SPOKANE, Wash. - A new study of Spokane's Police Department shows it needs a lot more officers.
The numbers are just a snapshot, as the full report will be released in 30 days.
But the snapshot does show that the police department needs another 44 officers on the streets in order to split their time evenly between taking calls for help and patrolling beats.
The City of Spokane said they ordered the study as they wanted to get a good snapshot of what is happening within the police department.
"To be able to know how long officers are on scene, how much goes in to responding to each individual call beyond just the response, the report writing that happens, the time on scene, and how much legislative decision impact time on scene," said Brian Coddington, Spokesman for the City of Spokane.
And help them to make better decisions on staffing.
Tim Freesmeyer, who is performing the study, said a police department should strive to have their patrol officers police at a 30-30 level.
"Which means for every 60 minutes an officer spends, 30 minutes should be spent on reacting/responding to a call, and 30 minutes on proactive policing," said Coddington.
Currently, patrol personnel spend an average of 37.5 minutes per hour responding to reports, based on three years of calls, department data, and crime data used in the study.
Patrick Striker, Director of Spokane Community Oriented Policing Services, or COPS, works with the citiziens and officers every day and thinks that number is about right.
"I mean I certainly think the SPD does need more officers," Striker said. "I know there's always a concern from the community here at the COP shops that the response time isn't as quick as people would like it and sometimes there is no response."
Most of the people his volunteers deal with daily have issues with nuisance properties and property crime, often the lowest priority for our busy officers.

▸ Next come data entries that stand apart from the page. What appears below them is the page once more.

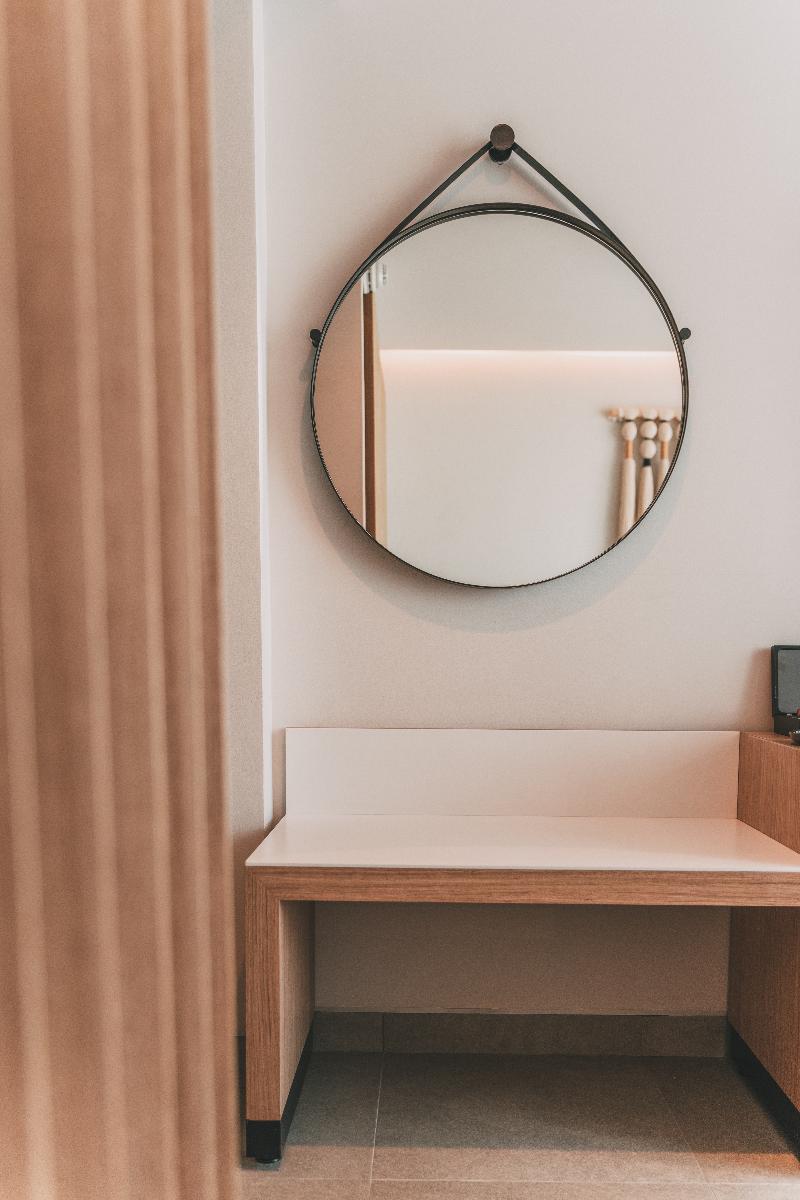 Crowne Plaza by IHG Merida — photo 47
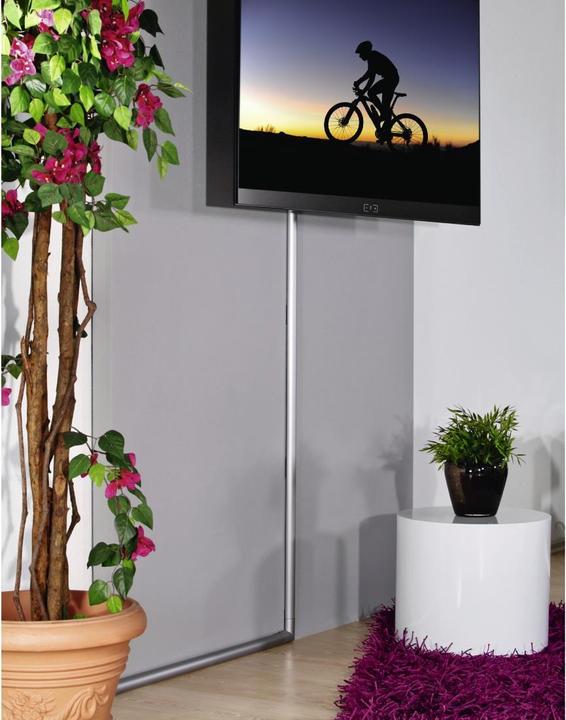 Produktbild Hama Alu-Kabelkanal (Kabelkanal, 110 cm)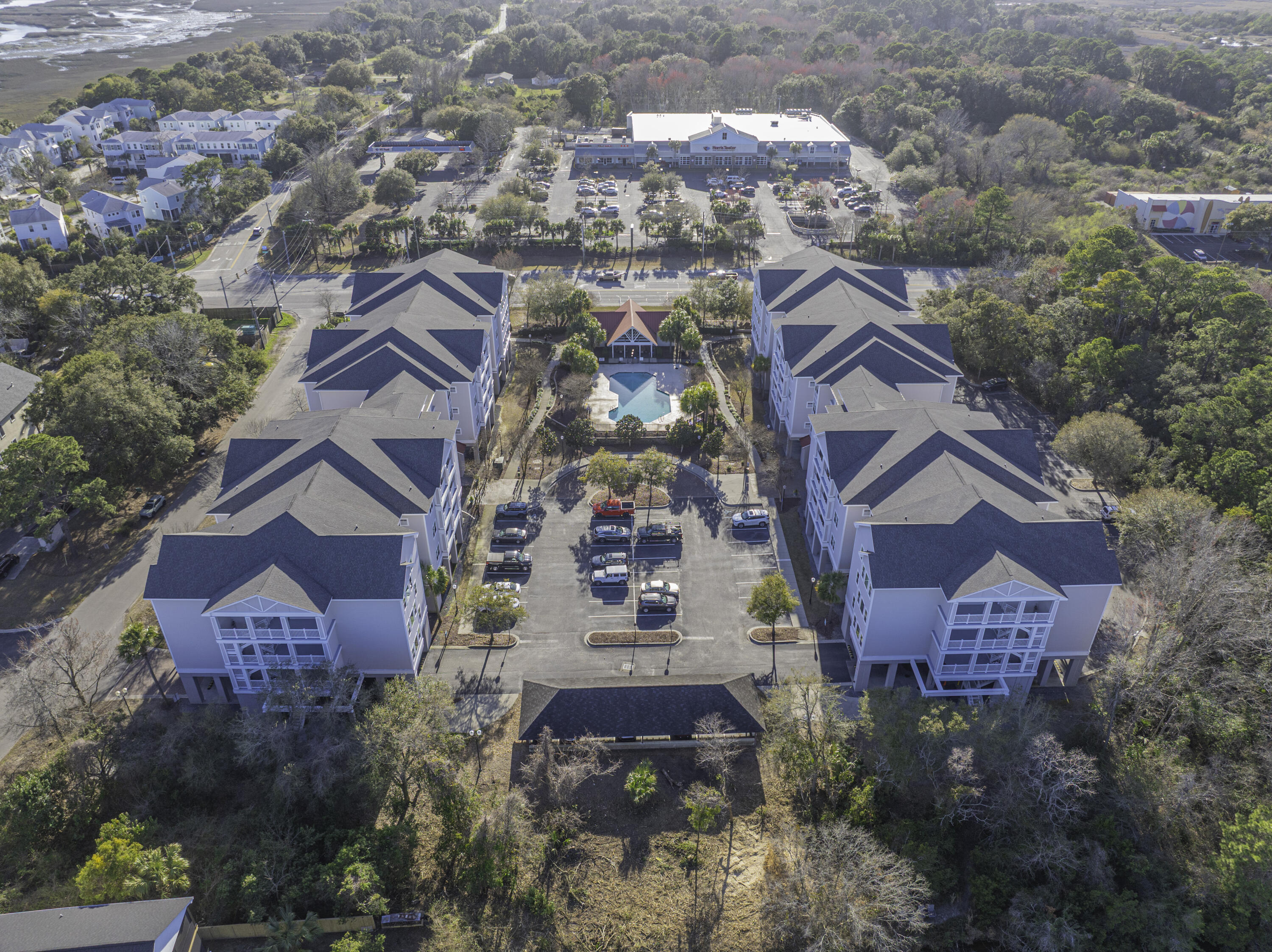 1984 Folly Road # B108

"What the policymakers are going to have to decide is if that is the right balance for the City of Spokane," said Coddington.
Espeically when 44 additional officers wil cost the city an estiamted $5.5 million. Because of that hefty price tag, there are discussions of shifting responsibilities of officers. For instance, right now, a uniformed officer needs to be present to impound a vehicle. Perhaps that could become a part of the city's code enforcement functions.